According to the Interior Ministry, police specialists would undertake foot patrols in the ghetto and spend as much as half of their work hours there, serving the rest of their time in their home districts. They would supervise order in troubled localities.

A specialist who knows local people would presumably be better able to address misdemeanors or other problems in these neighborhoods. "Thanks to establishing this trust, the specialist will be able to more easily prevent a wide range of illegal behavior," the Interior Ministry claims.

Police specialists deployed in the ghettos would receive bonuses of between EUR 20 and EUR 40 per month. The introduction of these special police officers into troubled areas is to be financed by Norwegian funds.

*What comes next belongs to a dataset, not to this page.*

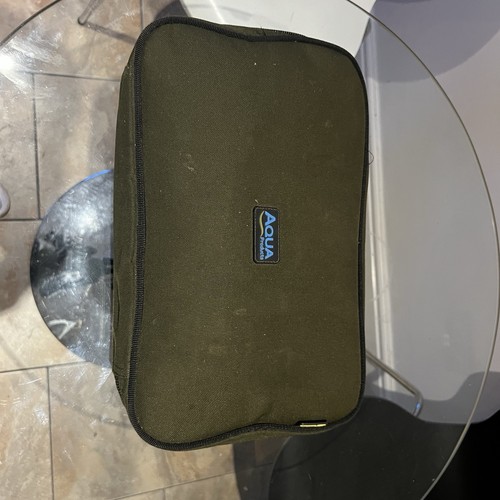 Aqua buzz bar pouch - aqua,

The budget for the project is approximately EUR 600 000. The Czech Republic is paying 15 % of that, the funds 85 %. 

Preparations for the project began this year and a detailed proposal is now being developed. The project is scheduled to last until the year 2016. 

The authors of the project were inspired by practices in neighboring countries. "This mechanism has already been applied successfully for several years in Slovakia, where the problem of socially excluded localities is incomparably more extensive than it is in the Czech Republic. So-called Romani settlements exist there," write the authors of the Interior Ministry report.

How many such specialists there should be in the Czech Republic is not yet clear. The answer to that question will be provided by an analysis that will identify the places where special police officers will be needed.

The number will also depend on how much money the police will be able to annually release for these special officers once the project is over. According to the proposal, selected officers would first complete an internship in Slovakia.

A total of 50 members of the police would undergo this training annually. The most appropriate candidates for deployment will be identified by the training.   

Special education for the officers who are to work in the ghettos would also be designed. The authors of the ministerial proposal also say the provision of social housing is the main thing that will improve the situation in these neighborhoods.

In the Interior Ministry’s vision, such housing would lead those living in it toward integrating into society by "motivating" them. The notion involves three social housing categories. 

The minimum standard for social housing would be met by housing people in residential hotels with strictly established rules, such as the number of persons permitted to live in each room. The middle standard would consist of smaller apartments.

The highest standard of social housing would involve social apartments comparable to ordinary accommodations. Of course, legislation regulating social housing in the Czech Republic is not being drafted by the Interior Ministry, but by the Labor and Social Affairs and Regional Development Ministries. 

The Platform for Social Housing, a civic group, has been protesting against making residential hotels part of social housing for quite some time now. In the Interior Ministry’s vision, all social housing tenants would have to fulfill an "integration plan" which they would put together with social workers.

Social housing tenants would have to uphold the house rules in their place of accommodation, take care of their health, send their children to school, attend re-qualification courses, and actively seek work. Should they be found to have done their best to integrate, they would be rewarded with a higher standard of social housing. 

The Interior Ministry envisions running such a graduated housing system for at least 30 years. The aim is to make sure future generations grow up "in motivated, pro-integration environments."